Tras siglos en que el islam parecía una religión pacífica y hasta ejemplar en muchos aspectos, surgió una fanática entidad llamada Hermanos Musulmanes, que produjo un retroceso de matices cavernarios. En lugar de avanzar hacia la luz, lo hizo hacia el atraso. Los Hermanos Musulmanes fueron organizados en 1928 por un maestro de escuela, Hasan al-Banna, nacido en un pequeño pueblo egipcio. Predicó que el islam fuera enseñado más allá de las mezquitas para enfrentar las corruptas ideas de Occidente, basadas en la ciencia atea y la impúdica democracia. Entre 1928 y 1938 esta pequeña asociación se instaló en la ciudad de Ismailiya, junto al canal de Suez, y experimentó un increíble desarrollo. De Egipto se expandió a los demás países árabes. Últimamente fue fogoneada por Arabia Saudita, debido a que regímenes laicos como el del presidente Nasser los consideraban un peligro.
La jihad es el nombre de la actual guerra santa. Pretende conquistar el mundo. Lo expresa sin rodeos. Entre sus objetivos inmediatos figura dominar el Medio Oriente y luego Europa. Se les ha tornado más nítido este propósito, porque ya no lo nublan incertidumbres. Hace rato que dirigentes musulmanes afirman que con el útero de sus mujeres conquistarán el llamado Viejo Continente. La aceleración se logra mediante los refugiados. Europa, con la conciencia aún maltrecha por las guerras y genocidios anteriores, no se atreve a enfrentar este novedoso problema. No se atreve, por ejemplo, a ponerse de acuerdo en que la tragedia de los refugiados sirios fue provocada por los propios árabes y musulmanes, no por los daneses, ni los noruegos, ni los húngaros. Y que deben resolverlo los propios países musulmanes. No les faltan tierras ni recursos. Deberían instalarlos en las enormes extensiones de Arabia Saudita y otros países árabes, con el apoyo económico de todos los países del mundo y -fundamentalmente- las fortunas incalculables que atesoran los emiratos del Golfo. ¿Por qué tienen que irse a vivir a países con otras tradiciones, lenguas, costumbres y creencias? Con la excepción de Turquía, Jordania y el Líbano, ningún otro país árabe los recibe.
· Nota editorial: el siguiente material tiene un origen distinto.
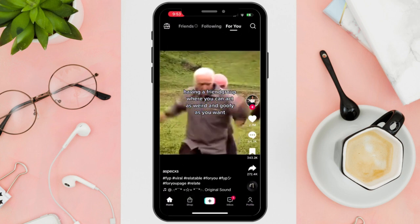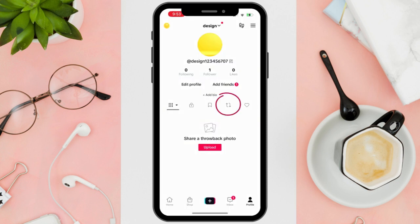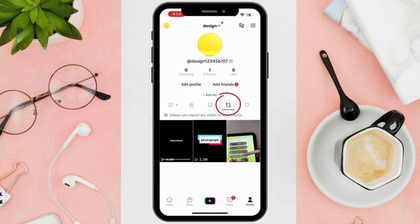Head to your profile and click the repost button. In here you will see or access videos that you have reposted.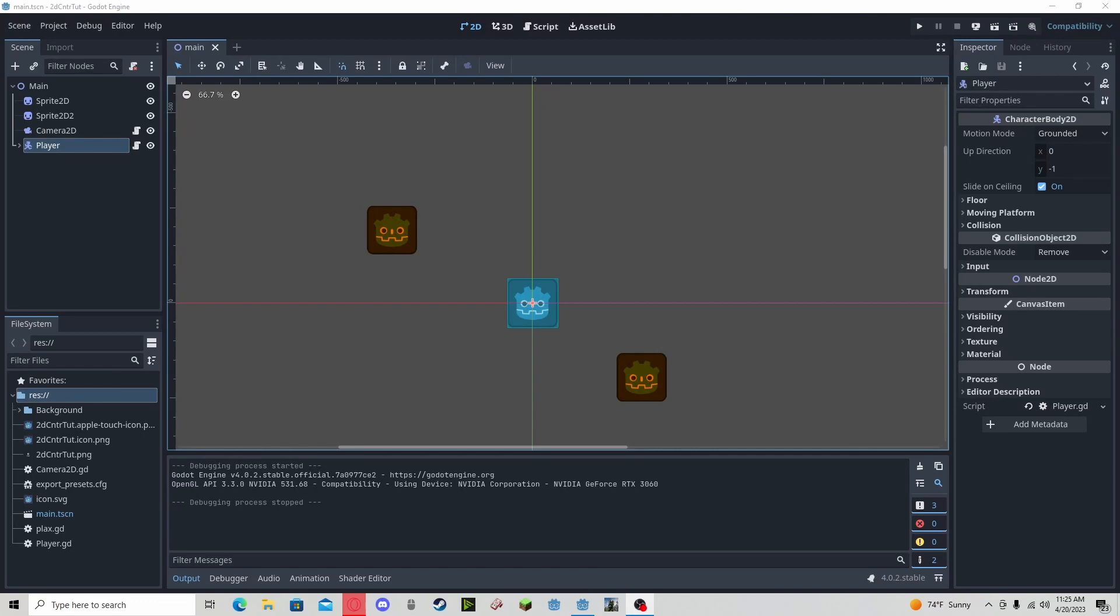Hello everyone, in this tutorial I'll be showing you how to use the interpolation feature in Godot and also how to make a companion follow the player.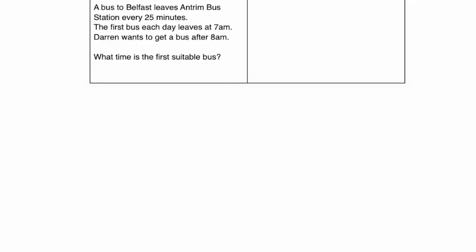Let's have a look at our next question. The bus to Belfast leaves Antrim bus station every 25 minutes. The first bus leaves at 7am, and Darwin wants to get a bus after 8am. What time is the first suitable bus? So the first bus leaves at 7am.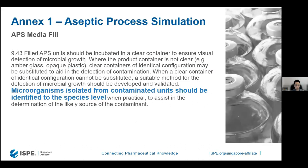Annex 1 talks about APS media fills and quite clearly outlines that for media fill failures, anything isolated should be identified to a species level to assist in the investigation into the likely source of contamination. Sometimes even species-level ID is not good enough — it might need to go down one level deeper to the strain level, as we're going to see in an example shortly.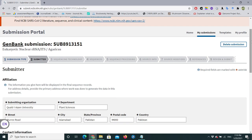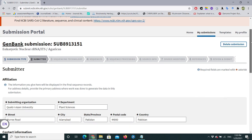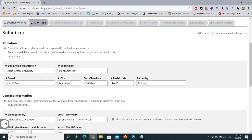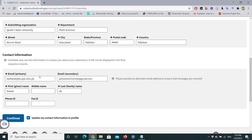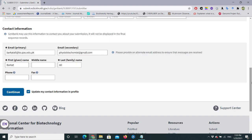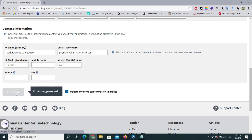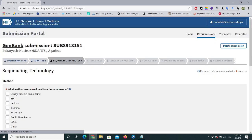This is the second page — the Submitter section. You need to put your information about your institute, contact details, and address. I have already entered my details: institute, address, and contact information. You can provide primary and secondary emails, then click Continue.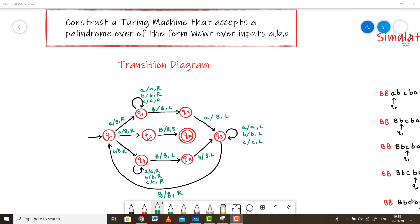Welcome back everyone. In this video we are going to deal with a different kind of palindrome problem where the inputs are of the form WCWR over the alphabets A, B, C. So what are we waiting for? Let's get started.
Mientras, a Europa llegan miles de víctimas deshechas y, junto con ellas, buena cantidad de terroristas.
Los argentinos tuvimos el atroz privilegio de sufrir el primer atentado terrorista islámico y antisemita de todo el continente americano. Tiempo después ocurrieron el ataque a las Torres Gemelas y otras abominaciones. Tenemos el deber de ponernos al frente de una acción mundial, bien coordinada y eficaz, que comprometa a la mayor parte de las organizaciones y exija un cambio radical en la educación islámica, para que se condenen el suicidio, el asesinato y la prédica del odio. ¡Y que lo hagan “en nombre de Alá, el clemente y misericordioso”. El suicidio heroico fascina a muchos desequilibrados, en especial jóvenes. Constituye el más horrible arsenal de la muerte en esta novedosa guerra mundial.